Transient Inhibition of the JAK/STAT Pathway Prevents B-ALL Development in Genetically Predisposed Mice

Preventing development of childhood B-cell acute lymphoblastic leukemia (B-ALL), a disease with devastating effects, is a longstanding and unsolved challenge. Heterozygous germline alterations in the PAX5 gene can lead to B-ALL upon accumulation of secondary mutations affecting the JAK/STAT signaling pathway. Predinical studies have shown that this malignant transformation occurs only under immune stress such as exposure to infectious pathogens.

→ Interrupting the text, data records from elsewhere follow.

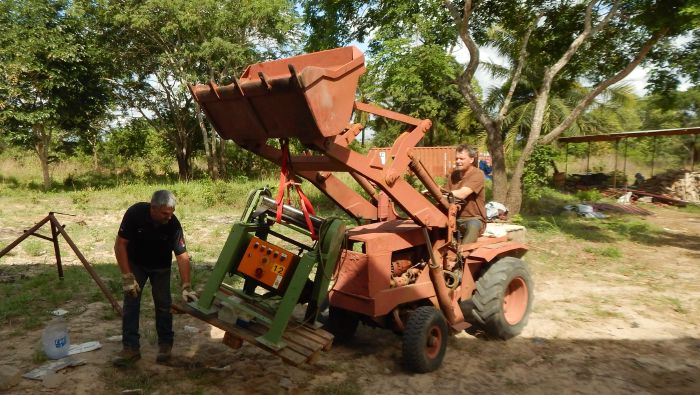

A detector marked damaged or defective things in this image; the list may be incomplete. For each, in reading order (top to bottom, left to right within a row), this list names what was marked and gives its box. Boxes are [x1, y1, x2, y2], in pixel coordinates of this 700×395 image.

rusty pipe [410, 155, 448, 212]
rusty pipe [424, 227, 462, 326]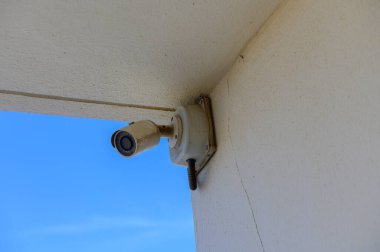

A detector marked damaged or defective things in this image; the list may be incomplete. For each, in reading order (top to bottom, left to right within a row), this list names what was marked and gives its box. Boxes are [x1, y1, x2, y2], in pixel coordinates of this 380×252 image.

crack in wall [0, 89, 175, 111]
crack in wall [227, 80, 266, 252]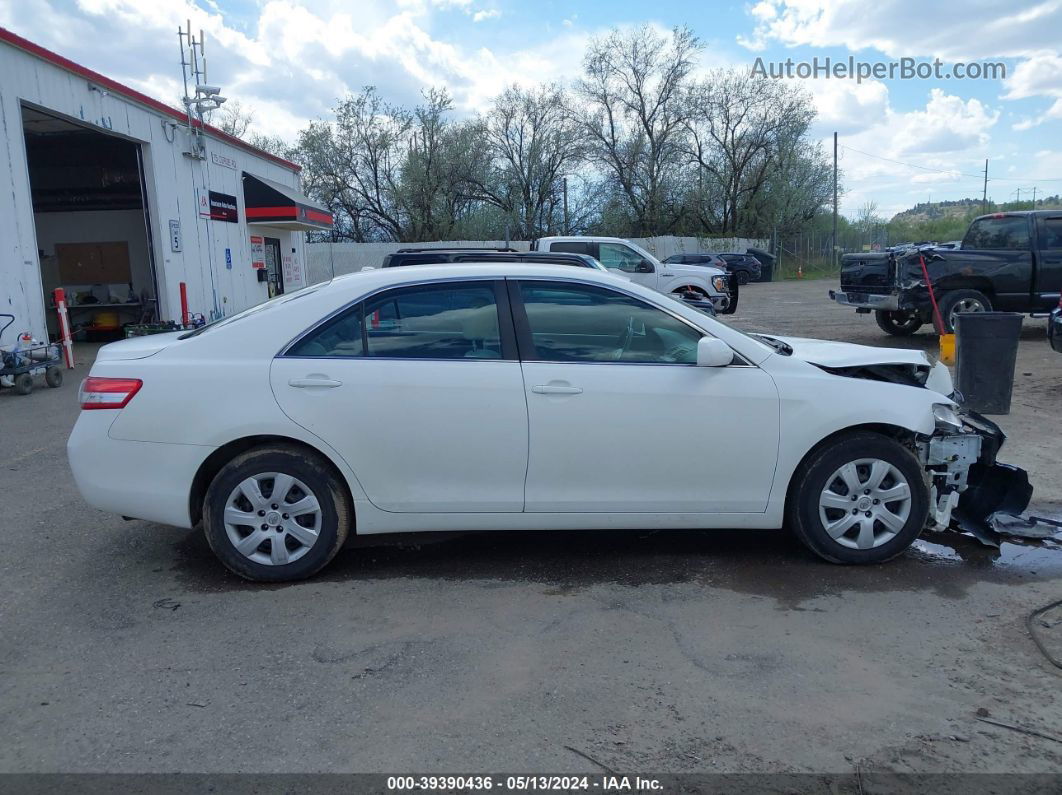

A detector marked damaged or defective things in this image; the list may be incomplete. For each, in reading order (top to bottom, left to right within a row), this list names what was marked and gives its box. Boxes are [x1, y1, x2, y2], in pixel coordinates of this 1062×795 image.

damaged white toyota camry [66, 263, 1028, 581]
damaged vehicle [66, 263, 1028, 581]
damaged vehicle [828, 209, 1062, 333]
crumpled front end [917, 405, 1032, 543]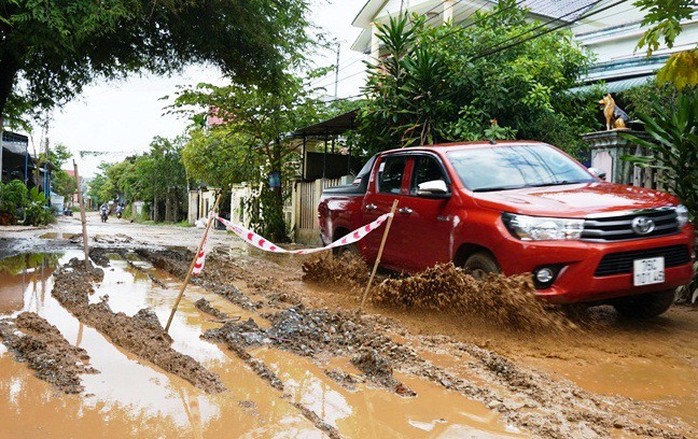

Here we show in Pax5(+/-) mice that transient, early-life administration of clinically relevant doses of ruxolitinib, a JAK1/2 inhibitor, significantly mitigates the risk of B-ALL following exposure to infection; 1 of 29 animals treated with ruxolitinib developed B-ALL versus 8 of 34 untreated mice. Ruxolitinib treatment preferentially targeted Pax5(+/-) versus wild-type B-cell progenitors and exerted unique effects on the Pax5(+/-) B-cell progenitor transcriptional program. These findings provide the first in vivo evidence for a potential strategy to prevent B-ALL development. Significance: JAK/STAT inhibition suppresses tumorigenesis in a B-ALL-susceptible mouse model, presenting a novel approach to prevent B-ALL onset.

Automated summary

This study demonstrates that early-life administration of the JAK1/2 inhibitor ruxolitinib significantly reduces the risk of B-ALL in mice. This finding presents a potential strategy for preventing the development of B-ALL.